■ **Work item**:
Retype the records word for word. Skip every image.

(Captioned web images)

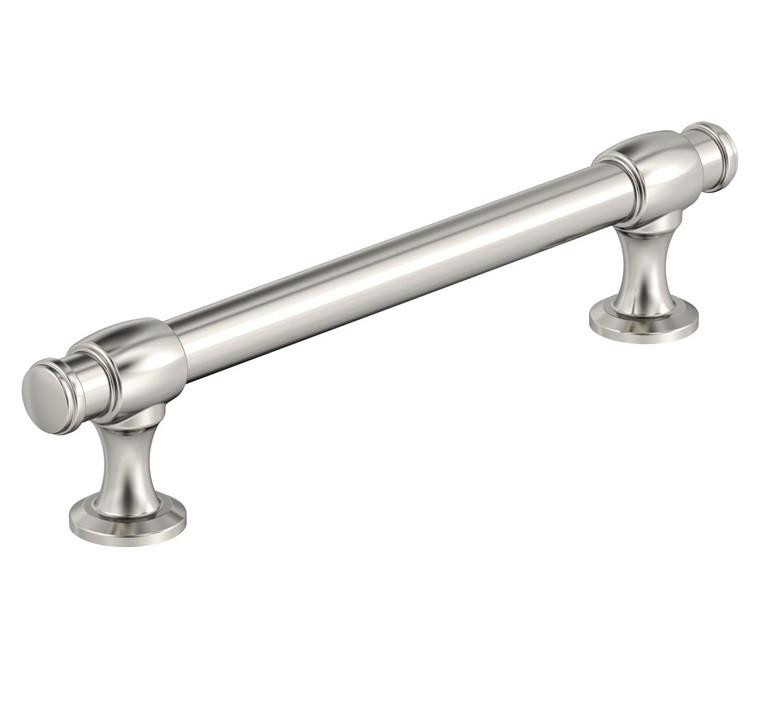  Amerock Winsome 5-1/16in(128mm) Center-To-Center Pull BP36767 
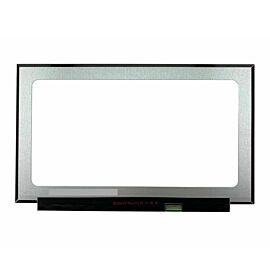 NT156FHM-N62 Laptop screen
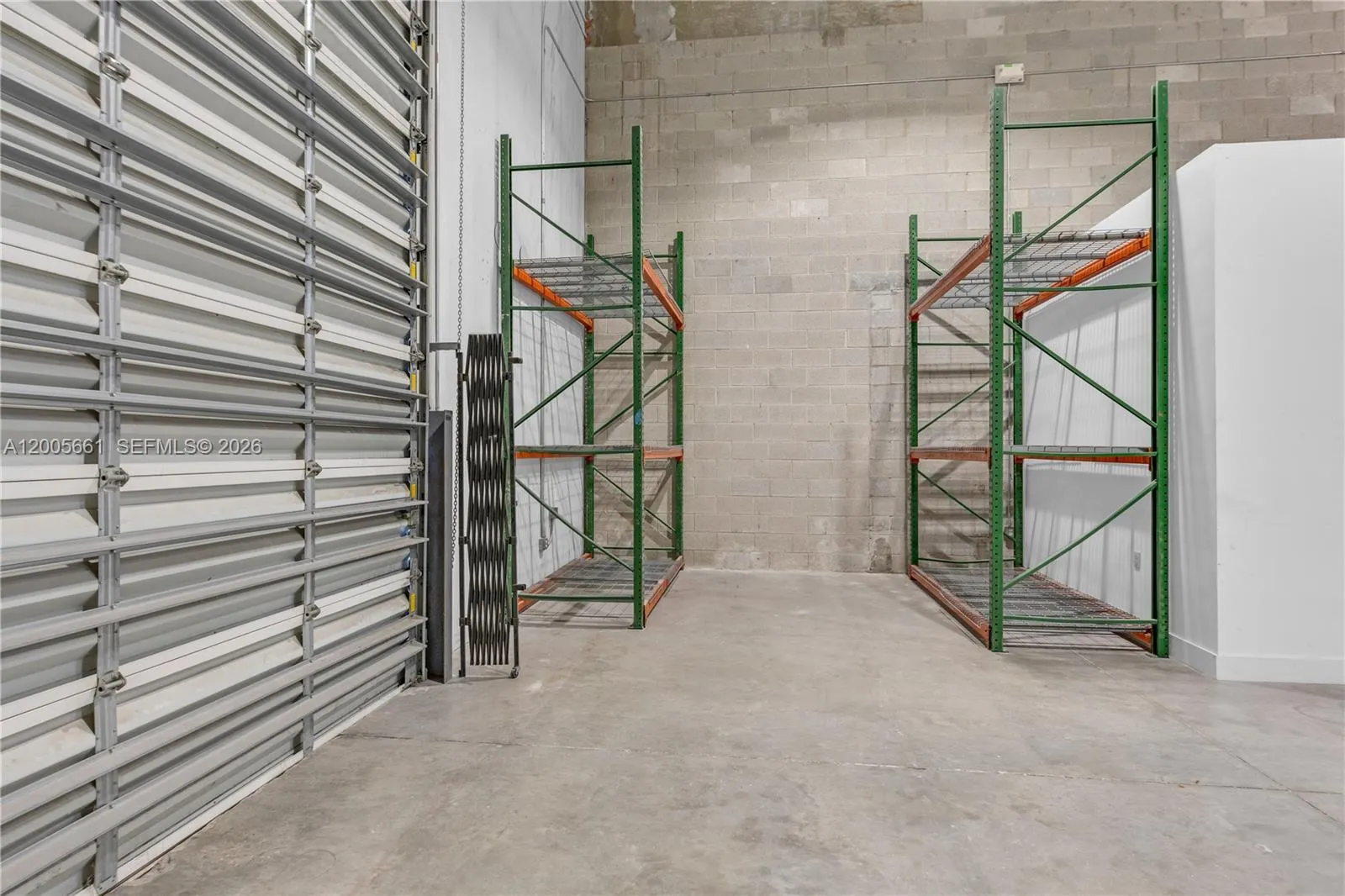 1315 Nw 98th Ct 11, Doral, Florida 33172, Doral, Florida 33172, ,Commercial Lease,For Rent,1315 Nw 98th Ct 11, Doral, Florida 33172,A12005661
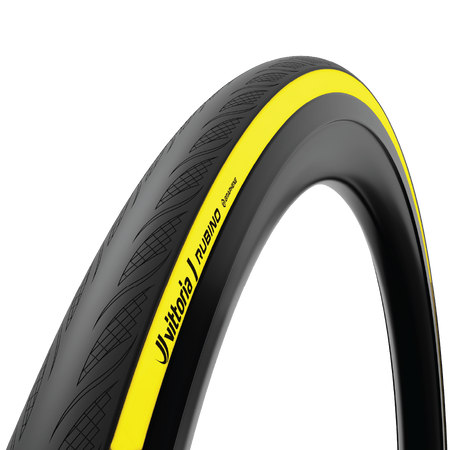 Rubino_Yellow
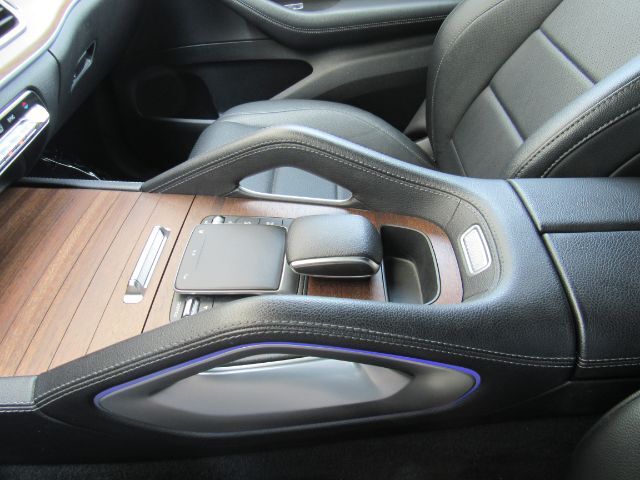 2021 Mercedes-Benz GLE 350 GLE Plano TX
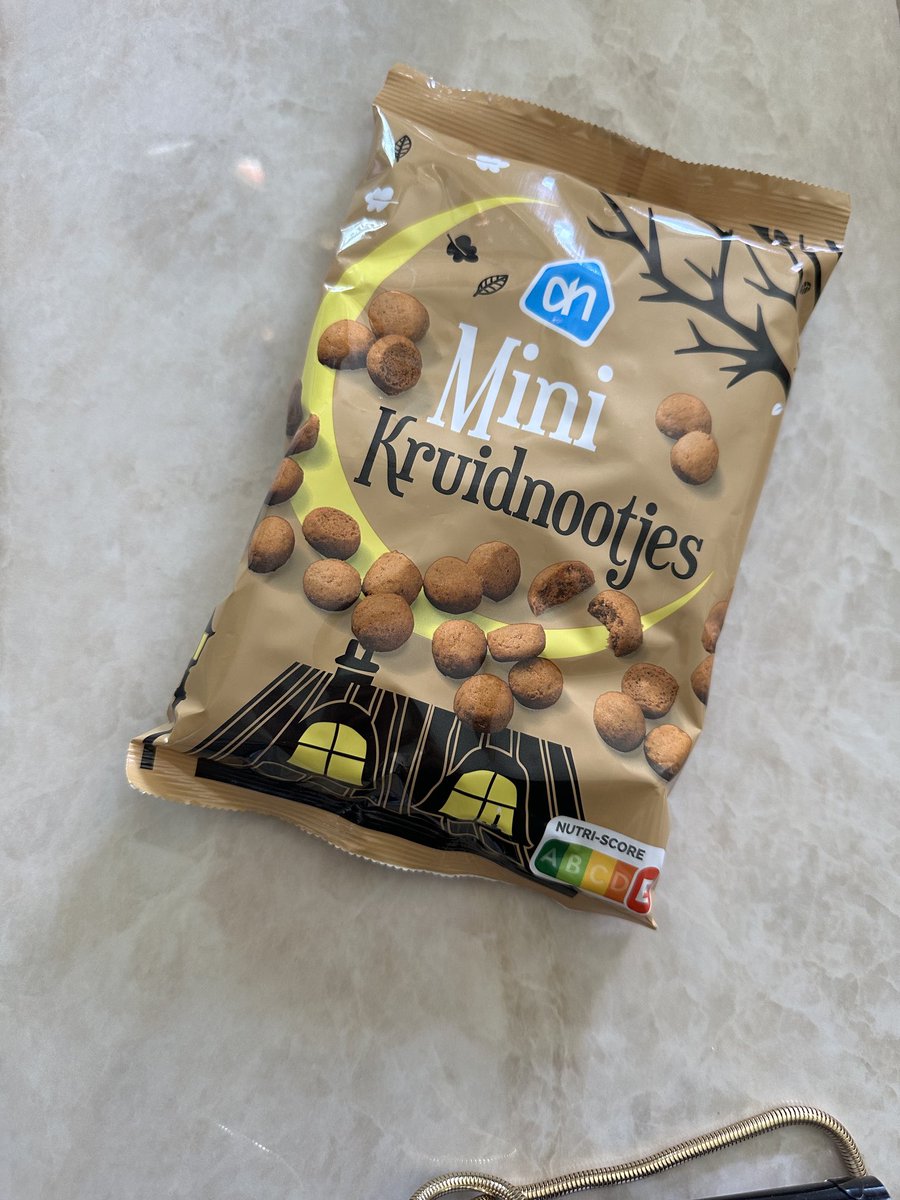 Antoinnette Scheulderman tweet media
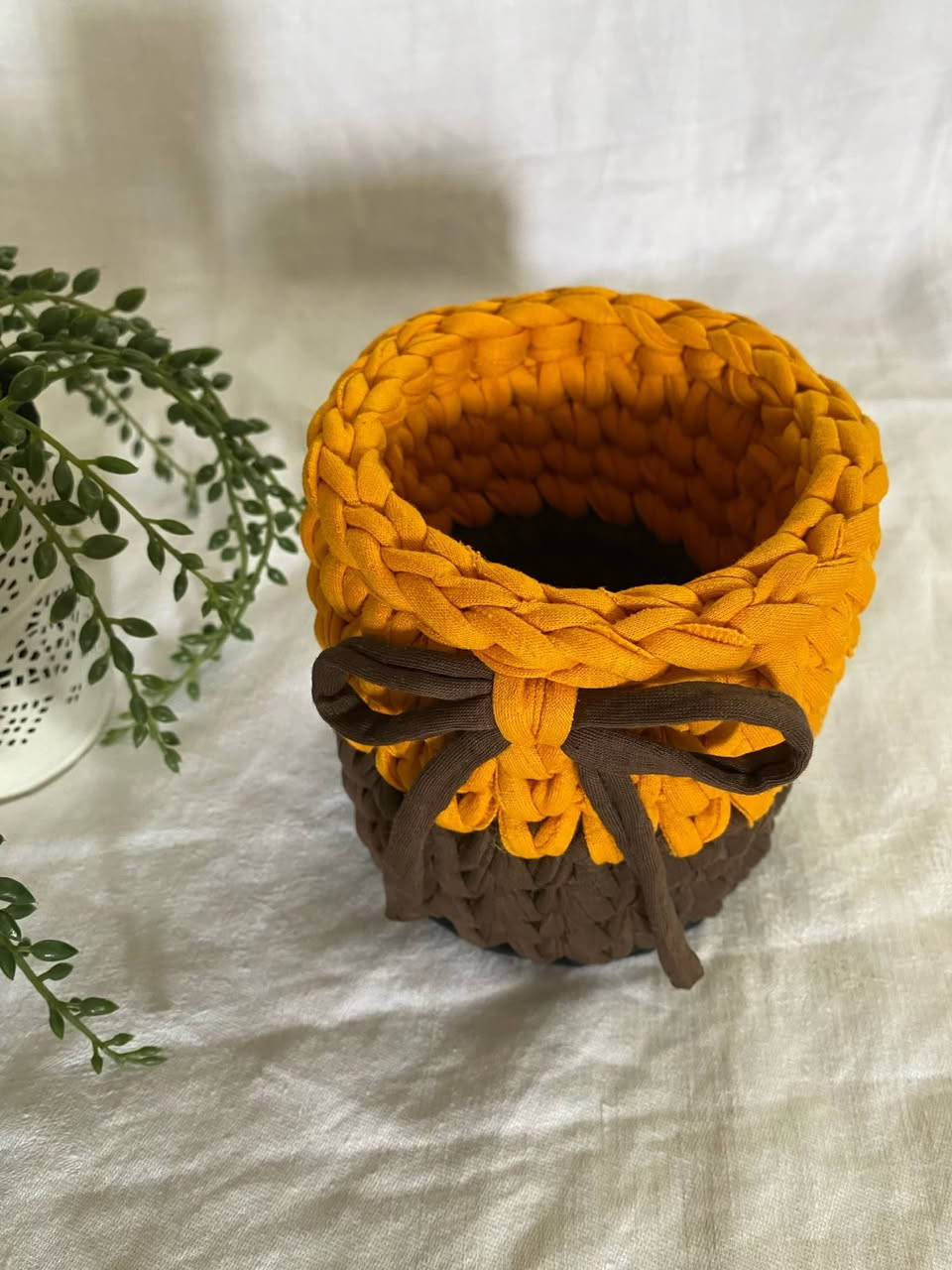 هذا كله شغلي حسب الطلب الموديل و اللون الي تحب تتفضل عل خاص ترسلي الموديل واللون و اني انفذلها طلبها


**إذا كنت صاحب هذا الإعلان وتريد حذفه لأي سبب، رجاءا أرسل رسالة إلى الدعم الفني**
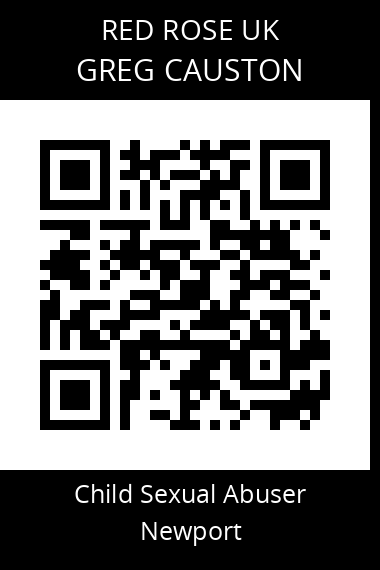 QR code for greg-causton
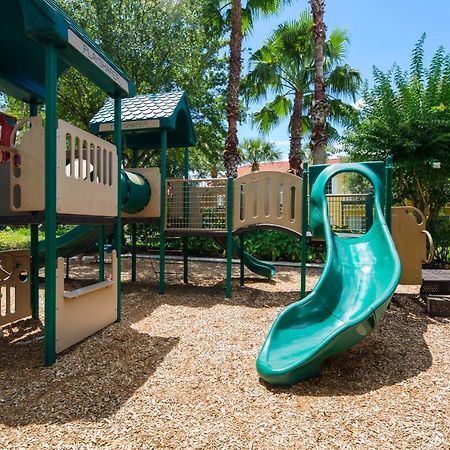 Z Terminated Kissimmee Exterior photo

■ **Finished task**:
  Amerock Winsome 5-1/16in(128mm) Center-To-Center Pull BP36767 
 NT156FHM-N62 Laptop screen
 1315 Nw 98th Ct 11, Doral, Florida 33172, Doral, Florida 33172, ,Commercial Lease,For Rent,1315 Nw 98th Ct 11, Doral, Florida 33172,A12005661
 Rubino_Yellow
 2021 Mercedes-Benz GLE 350 GLE Plano TX
 Antoinnette Scheulderman tweet media
 هذا كله شغلي حسب الطلب الموديل و اللون الي تحب تتفضل عل خاص ترسلي الموديل واللون و اني انفذلها طلبها


**إذا كنت صاحب هذا الإعلان وتريد حذفه لأي سبب، رجاءا أرسل رسالة إلى الدعم الفني**
 QR code for greg-causton
 Z Terminated Kissimmee Exterior photo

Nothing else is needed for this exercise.